Not Yet, But Coming Soon
In this note, we compare the all-in cost to a regulated utility of meeting its capacity needs during the highest demand hours of the year through a grid scale battery storage facility rather than a traditional gas fired peaking plant. At 2018 prices for batteries and combustion turbines, we find that the all-in cost of power from grid storage is some 35% above that of a conventional peaker. Assuming a 9% annual rate of decline in the installed cost of grid storage, well below the 13% average annual decrease realized since 2015, we estimate that the all-in cost of power from grid storage falls to ~15% above that from a conventional peaker by 2020, and by 2024 falls ~15% below it.
Portfolio Manager’s Summary
Methodology and Assumptions
- Our analysis seeks to replicate the decision-making process of a regulated utility faced with the need to add capacity to meet the growth in its peak demand. We assume the utility is assessing alternatives to meet its capacity requirements during the highest demand hours of the year, and is considering grid scale battery storage as an alternative to traditional gas fired peakers.
- Our analysis compares the all-in cost (including fuel, operation and maintenance expense, and capital recovery costs) of a grid scale lithium ion battery storage facility with (i) a gas-fired combustion turbine, the current standard to serve large scale capacity needs (>100MW) and (ii) a gas-fired internal combustion engine, used for smaller capacity requirements (<100MW).
- The three alternatives have the following characteristics:
- The lithium ion battery storage facility costs ~$290/kWh or $1,160/kW installed, is capable of four hours of discharge, and will charge during the four hours of the day when electricity costs are lowest with 90% efficiency through the charge/discharge cycle.
- The gas-fired internal combustion engine costs ~$950/kW and has a heat rate of 9.0 MMBtu/MWh.
- The gas-fired combustion turbine has an installed cost of ~$875/kW and a heat rate of 8.9 MMBtu/MWh.
- We repeat our assessment using estimated costs in 2020 and 2024 for the three technologies:
- We assume that the installed cost of the storage facility declines at a compound annual rate of 9% p.a., well below the 13% average annual cost declines for grid scale battery storage realized since 2015;
- We assume that the installed cost of the combustion turbine and internal combustion engine remain constant in real terms (i.e., expressed in constant 2018 dollars).
- Our operating assumptions, which are the same for 2018, 2020 and 2024, include:
- A uniform capacity factor of 10% across the three alternative technologies;
- A delivered gas price of $3.00/MMBtu;
- An off-peak charging price of $20/MWh for the battery;
- Variable operation and maintenance expense $10 for the internal combustion engine, $5/MWh for the combustion turbine, and none for the battery;
- Fixed operation and maintenance expense of $15/kW-year for the internal combustion engine, $10/kW-year for the combustion turbine and $10/kW-year for the battery;
- A useful life of 15 years for the storage facility, corresponding to ~3300 cycles; and
- A useful life of 25 years for the gas-fired peakers.

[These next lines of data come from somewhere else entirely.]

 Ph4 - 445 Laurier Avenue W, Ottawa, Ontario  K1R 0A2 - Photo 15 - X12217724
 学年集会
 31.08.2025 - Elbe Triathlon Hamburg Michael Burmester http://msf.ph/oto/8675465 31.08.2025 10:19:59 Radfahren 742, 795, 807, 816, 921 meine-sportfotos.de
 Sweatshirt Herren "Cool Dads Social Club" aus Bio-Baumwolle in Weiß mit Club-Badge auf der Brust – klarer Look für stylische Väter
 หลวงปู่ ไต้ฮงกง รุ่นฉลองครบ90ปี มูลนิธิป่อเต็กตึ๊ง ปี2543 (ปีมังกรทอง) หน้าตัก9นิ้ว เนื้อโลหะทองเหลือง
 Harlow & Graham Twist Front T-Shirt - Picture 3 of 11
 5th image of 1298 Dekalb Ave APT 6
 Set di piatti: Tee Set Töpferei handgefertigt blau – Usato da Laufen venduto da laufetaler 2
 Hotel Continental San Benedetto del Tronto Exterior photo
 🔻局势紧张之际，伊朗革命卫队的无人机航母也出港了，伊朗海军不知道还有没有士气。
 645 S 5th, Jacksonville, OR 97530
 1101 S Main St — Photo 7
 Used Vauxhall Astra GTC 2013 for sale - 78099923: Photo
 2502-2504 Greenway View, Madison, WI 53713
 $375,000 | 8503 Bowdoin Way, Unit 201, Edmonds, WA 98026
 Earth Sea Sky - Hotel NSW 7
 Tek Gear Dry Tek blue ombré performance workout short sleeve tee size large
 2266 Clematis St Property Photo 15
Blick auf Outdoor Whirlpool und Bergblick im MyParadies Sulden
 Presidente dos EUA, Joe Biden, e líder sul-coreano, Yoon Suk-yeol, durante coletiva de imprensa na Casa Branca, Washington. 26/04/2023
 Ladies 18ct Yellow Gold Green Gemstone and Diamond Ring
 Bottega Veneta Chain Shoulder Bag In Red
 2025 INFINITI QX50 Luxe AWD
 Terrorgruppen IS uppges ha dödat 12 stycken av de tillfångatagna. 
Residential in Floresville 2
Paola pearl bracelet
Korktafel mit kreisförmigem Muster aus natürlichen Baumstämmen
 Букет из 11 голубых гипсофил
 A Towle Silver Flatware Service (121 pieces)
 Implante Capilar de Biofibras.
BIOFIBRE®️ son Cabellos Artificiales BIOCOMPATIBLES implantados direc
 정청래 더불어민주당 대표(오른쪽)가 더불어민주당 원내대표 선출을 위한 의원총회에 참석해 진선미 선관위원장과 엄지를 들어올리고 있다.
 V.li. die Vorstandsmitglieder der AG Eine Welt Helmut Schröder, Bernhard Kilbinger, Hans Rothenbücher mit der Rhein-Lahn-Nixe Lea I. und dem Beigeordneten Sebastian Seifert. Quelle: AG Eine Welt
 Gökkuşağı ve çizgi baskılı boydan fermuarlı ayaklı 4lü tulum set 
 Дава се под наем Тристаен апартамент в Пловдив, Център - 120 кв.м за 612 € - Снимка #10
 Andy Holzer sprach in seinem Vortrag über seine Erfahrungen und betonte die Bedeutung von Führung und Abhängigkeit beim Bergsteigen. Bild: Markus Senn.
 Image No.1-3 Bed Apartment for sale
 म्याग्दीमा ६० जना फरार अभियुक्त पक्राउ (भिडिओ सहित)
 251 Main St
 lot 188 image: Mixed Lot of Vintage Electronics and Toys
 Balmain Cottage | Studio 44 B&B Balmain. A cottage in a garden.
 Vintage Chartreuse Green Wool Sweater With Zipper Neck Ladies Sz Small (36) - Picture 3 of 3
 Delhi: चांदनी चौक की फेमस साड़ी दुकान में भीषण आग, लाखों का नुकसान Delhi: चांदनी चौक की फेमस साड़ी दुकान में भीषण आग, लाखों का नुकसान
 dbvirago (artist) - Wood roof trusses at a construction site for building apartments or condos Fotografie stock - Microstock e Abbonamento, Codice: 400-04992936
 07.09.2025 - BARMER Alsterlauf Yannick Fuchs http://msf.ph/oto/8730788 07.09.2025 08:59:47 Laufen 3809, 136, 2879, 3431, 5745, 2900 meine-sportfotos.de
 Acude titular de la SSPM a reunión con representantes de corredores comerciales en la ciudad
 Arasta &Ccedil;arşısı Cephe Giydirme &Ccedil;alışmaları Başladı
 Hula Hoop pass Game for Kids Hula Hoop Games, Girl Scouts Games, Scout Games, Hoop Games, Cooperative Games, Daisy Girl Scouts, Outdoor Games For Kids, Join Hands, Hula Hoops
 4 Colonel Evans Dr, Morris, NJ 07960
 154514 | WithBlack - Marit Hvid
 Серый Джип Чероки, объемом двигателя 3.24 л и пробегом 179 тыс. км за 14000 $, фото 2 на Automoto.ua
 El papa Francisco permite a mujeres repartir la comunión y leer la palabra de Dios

- We have modeled the cash flows of the three projects under two sets of ownership assumptions: first, assuming ownership by a regulated utility, with the asset placed in rate base and its cost recovered in customer rates, and second, assuming ownership by an independent power producer with cost recovery under a long-term power purchase agreement with the utility.
- We do this to capture the different tax treatment of regulated utility and IPP assets stipulated by the Tax Cuts and Jobs Act of 2017.
- Under the Act, regulated utilities are precluded from using bonus depreciation. We assume therefore that the utility’s investment in the storage facility is depreciated using 7-year MACRS, while the gas-fired peakers are depreciated using 15-year MACRS.
- For the IPP, by contrast, assets placed in service over the five years from 2018 through 2022 are eligible for 100% bonus depreciation; thereafter, the percentage of an asset’s cost that may be expensed falls by 20% per year, from 80% in 2023 to zero in 2027, with the remainder of the asset’s cost subject to depreciation under MACRS.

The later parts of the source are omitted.